There's the whiff of sexism about the whole theory. The boys - whether it's Romeo or Harvey, or Dizzee Rascal or Fallacy - don't have to compromise or start affecting a Bronx drawl, so why do the girls? Maybe because the mythical US market is so conservative that it wouldn't be able to handle a Lisa Maffia as bold and bolshy as the one we saw in the '21 Seconds' video. So here's the new, airbrushed version, looking like a blingin' princess, sounding like she's holding back on every track.
Let's face it, Lisa Maffia doesn't have a distinctive voice, but when you're crooning over something as original and in-your-face as '21 Seconds' it doesn't really matter. The problem with her debut is that there's nothing on it as out-there as So Solid's finest moments. It's a shame but, taken on its own terms - a slick R&B record - 'First Lady' is by no means a disaster. The production from the Crew's JD, Swiss and Dan Da Man is first class, especially on current single 'In Love' and the low-slung funk of 'Women Of The World'.
The sound of the album is very much in thrall to Timbaland's work for Aaliyah - 'Down' is a direct relation to 'Try Again' - and only rarely ups the pace. But tellingly, the stand-outs are the tracks that sound like the Lisa Maffia of old - that sound British, basically. Last single 'All Over' is a bold manifesto, riding on an amazing, minimalist cut-up rhythm.

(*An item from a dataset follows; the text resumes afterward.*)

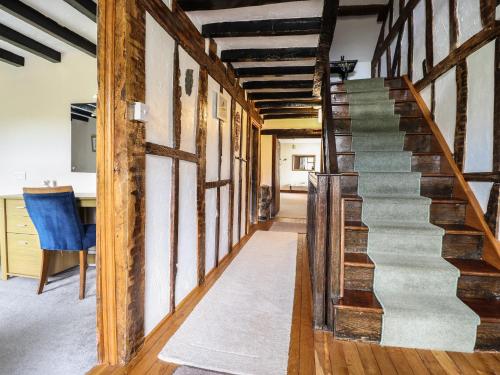 a staircase in a room with wooden beams at Pengwern in Pennant-Melangell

'So Solid Party' has Maffia spitting out soundbites over a bouncing garage beat and deadly 303 basslines, and it's like a breath of fresh air amidst the otherwise mid-tempo Yank-placating numbers. 'Night Crawler', meanwhile, is a wickedly sexy slice of pounding garage action, with the real Maffia emerging from behind the put-on transatlantic-isms. These tracks go to prove that, if only she'd dropped the act more often, she could've had a minor classic on her hands.